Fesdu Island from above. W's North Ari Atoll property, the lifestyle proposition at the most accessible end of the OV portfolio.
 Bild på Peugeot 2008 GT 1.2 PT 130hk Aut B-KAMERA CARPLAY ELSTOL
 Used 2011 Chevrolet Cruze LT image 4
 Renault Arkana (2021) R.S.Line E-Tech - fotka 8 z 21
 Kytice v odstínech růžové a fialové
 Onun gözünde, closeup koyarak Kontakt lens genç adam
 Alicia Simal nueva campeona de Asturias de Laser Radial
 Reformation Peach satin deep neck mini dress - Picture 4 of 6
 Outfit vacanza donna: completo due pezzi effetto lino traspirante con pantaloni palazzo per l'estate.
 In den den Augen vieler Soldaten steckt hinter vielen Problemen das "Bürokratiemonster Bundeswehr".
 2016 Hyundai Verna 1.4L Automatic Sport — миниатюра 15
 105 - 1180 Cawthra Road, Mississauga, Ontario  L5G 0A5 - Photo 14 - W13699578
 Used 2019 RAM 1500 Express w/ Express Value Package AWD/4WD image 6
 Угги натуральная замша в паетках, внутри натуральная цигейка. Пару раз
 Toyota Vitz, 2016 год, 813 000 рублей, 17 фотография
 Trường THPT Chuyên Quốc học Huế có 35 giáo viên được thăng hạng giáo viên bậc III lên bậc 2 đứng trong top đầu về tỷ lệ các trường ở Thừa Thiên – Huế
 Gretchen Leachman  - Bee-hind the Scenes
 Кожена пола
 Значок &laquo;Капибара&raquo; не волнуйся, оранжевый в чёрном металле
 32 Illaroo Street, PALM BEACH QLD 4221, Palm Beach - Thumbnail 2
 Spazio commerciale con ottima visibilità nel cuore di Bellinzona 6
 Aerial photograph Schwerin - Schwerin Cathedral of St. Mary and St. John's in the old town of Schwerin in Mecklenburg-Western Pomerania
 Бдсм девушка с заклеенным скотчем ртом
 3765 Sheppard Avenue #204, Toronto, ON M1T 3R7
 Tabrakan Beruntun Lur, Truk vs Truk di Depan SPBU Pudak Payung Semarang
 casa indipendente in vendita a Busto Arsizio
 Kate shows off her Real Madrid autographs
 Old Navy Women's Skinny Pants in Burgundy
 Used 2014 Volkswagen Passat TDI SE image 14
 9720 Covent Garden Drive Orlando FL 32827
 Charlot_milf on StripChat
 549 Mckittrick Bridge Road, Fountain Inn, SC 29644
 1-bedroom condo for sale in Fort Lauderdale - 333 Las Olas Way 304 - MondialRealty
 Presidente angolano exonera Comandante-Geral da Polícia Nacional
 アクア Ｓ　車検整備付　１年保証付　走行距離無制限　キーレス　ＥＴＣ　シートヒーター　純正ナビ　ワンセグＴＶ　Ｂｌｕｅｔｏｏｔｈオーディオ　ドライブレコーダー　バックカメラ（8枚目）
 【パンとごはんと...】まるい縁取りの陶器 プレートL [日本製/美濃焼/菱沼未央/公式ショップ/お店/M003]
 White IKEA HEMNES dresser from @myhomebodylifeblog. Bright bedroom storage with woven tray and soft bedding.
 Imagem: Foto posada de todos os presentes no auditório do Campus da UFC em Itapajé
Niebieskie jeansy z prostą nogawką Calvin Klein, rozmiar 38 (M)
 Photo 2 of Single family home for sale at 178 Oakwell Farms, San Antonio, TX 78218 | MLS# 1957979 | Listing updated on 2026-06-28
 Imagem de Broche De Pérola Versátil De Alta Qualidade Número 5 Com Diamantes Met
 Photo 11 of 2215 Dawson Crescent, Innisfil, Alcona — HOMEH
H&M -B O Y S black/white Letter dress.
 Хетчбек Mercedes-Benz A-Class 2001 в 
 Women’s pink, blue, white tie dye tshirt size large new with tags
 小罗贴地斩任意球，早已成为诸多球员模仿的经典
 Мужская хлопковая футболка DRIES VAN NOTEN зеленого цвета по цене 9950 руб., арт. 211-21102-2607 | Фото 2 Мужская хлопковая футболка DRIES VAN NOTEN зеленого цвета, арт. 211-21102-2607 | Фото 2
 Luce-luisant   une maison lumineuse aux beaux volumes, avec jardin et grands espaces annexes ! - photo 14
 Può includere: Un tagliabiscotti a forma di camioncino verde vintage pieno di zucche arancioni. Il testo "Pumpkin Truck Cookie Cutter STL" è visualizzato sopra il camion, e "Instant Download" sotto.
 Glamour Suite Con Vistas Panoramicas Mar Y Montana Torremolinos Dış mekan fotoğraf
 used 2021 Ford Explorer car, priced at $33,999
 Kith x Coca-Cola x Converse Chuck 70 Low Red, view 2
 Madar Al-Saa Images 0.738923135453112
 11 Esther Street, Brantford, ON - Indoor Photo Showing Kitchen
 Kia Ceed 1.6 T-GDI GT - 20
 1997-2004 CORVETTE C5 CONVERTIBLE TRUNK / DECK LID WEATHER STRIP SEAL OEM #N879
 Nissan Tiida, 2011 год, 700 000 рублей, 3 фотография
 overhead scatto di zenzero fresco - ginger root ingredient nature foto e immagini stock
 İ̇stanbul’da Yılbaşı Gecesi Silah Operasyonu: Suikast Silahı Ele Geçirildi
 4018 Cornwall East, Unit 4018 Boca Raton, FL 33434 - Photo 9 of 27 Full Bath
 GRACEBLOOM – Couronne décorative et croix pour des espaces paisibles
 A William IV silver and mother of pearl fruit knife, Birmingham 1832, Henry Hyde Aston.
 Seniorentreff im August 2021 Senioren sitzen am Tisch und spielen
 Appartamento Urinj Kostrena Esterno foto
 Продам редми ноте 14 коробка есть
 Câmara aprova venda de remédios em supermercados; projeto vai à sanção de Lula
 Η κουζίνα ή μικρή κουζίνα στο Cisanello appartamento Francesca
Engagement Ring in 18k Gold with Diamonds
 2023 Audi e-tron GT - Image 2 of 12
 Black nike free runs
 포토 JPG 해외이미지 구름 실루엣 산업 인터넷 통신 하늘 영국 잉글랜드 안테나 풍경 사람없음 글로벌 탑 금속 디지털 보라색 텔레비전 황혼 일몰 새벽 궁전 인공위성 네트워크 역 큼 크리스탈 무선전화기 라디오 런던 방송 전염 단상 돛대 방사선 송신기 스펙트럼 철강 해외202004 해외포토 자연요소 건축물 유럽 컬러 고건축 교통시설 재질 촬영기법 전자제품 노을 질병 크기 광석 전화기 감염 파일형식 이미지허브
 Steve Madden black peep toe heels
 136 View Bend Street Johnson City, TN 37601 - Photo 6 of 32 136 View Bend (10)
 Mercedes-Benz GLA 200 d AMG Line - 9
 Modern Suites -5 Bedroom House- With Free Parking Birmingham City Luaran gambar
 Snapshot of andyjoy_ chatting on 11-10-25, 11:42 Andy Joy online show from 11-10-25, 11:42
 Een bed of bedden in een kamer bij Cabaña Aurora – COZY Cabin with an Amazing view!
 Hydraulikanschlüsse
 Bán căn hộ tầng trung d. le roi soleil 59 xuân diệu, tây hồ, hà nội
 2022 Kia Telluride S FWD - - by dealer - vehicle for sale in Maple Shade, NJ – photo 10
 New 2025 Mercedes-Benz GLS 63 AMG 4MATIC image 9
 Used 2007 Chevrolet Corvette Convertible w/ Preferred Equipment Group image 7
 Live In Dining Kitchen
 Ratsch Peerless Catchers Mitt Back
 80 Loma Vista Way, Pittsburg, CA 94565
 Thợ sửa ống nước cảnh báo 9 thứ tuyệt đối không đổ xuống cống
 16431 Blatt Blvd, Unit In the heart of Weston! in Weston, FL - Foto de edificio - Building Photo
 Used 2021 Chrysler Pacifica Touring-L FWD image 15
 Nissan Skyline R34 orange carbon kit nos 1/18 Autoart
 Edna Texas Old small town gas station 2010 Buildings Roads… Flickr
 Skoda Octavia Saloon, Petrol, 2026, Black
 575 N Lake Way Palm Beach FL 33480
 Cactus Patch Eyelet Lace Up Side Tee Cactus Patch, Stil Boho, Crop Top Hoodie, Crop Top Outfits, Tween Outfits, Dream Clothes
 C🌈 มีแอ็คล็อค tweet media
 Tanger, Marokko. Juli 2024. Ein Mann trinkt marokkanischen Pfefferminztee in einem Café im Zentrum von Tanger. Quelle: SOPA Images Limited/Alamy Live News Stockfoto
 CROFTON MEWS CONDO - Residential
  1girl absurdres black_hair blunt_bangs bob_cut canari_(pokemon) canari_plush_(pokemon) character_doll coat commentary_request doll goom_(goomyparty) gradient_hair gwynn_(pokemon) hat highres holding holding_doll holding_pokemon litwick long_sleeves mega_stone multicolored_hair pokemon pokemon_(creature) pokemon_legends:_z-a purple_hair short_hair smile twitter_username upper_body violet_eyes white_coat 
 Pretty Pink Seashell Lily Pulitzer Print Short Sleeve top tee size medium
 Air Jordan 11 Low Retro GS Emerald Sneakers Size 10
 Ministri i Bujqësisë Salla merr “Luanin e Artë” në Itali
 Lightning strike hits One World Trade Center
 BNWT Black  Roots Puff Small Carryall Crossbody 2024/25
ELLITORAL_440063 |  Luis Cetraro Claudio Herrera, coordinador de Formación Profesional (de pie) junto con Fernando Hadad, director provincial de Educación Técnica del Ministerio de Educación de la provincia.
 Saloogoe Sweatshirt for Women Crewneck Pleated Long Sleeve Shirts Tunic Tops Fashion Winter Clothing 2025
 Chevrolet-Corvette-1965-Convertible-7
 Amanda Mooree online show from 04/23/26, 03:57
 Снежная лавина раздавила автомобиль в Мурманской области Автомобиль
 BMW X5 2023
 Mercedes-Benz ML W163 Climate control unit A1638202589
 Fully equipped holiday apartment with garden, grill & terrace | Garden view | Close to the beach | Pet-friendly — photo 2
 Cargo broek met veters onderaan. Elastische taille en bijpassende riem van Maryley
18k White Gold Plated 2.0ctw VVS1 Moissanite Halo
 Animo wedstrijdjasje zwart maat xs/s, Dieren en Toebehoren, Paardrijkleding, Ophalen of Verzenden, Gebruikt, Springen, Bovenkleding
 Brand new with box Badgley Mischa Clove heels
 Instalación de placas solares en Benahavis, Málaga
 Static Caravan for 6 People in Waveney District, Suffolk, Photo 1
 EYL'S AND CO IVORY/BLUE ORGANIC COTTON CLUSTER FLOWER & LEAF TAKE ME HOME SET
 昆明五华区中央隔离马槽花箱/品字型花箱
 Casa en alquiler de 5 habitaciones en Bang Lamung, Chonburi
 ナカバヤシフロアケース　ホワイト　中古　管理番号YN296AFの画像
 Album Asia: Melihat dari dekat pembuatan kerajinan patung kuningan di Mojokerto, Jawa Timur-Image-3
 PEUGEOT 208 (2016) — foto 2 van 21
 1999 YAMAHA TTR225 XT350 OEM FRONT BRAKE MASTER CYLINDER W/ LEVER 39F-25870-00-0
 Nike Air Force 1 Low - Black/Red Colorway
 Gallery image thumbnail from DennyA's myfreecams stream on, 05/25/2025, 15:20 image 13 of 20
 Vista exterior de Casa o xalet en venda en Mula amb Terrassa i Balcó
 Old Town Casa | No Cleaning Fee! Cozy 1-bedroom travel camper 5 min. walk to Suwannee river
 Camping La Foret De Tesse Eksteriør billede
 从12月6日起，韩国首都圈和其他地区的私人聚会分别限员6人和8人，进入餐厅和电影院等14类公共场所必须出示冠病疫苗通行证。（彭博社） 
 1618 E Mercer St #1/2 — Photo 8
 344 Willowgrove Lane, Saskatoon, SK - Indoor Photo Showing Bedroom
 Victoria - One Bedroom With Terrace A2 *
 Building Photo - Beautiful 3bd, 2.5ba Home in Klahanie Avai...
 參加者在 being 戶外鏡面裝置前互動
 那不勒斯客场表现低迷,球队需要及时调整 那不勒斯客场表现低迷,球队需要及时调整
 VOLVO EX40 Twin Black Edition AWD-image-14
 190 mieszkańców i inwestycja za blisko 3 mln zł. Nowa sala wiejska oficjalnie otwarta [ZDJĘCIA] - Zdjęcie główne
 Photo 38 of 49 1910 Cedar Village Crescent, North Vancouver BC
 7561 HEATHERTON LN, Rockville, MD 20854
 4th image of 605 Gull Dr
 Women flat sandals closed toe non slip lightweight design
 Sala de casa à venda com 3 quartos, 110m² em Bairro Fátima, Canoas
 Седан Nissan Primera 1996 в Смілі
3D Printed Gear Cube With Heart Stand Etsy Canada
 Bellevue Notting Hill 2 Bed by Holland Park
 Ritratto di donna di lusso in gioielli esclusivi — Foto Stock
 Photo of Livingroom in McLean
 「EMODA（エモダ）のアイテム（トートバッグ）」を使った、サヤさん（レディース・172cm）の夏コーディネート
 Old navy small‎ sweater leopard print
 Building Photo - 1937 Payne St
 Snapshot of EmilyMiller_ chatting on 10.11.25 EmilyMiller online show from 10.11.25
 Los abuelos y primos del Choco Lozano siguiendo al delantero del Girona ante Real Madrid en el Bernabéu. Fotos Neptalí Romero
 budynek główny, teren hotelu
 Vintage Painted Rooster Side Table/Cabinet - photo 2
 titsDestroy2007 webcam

--*--

* Directions for this task
Where a line of the data includes the string "Images", list that line.

* Exercise response
 Madar Al-Saa Images 0.738923135453112
 Tanger, Marokko. Juli 2024. Ein Mann trinkt marokkanischen Pfefferminztee in einem Café im Zentrum von Tanger. Quelle: SOPA Images Limited/Alamy Live News Stockfoto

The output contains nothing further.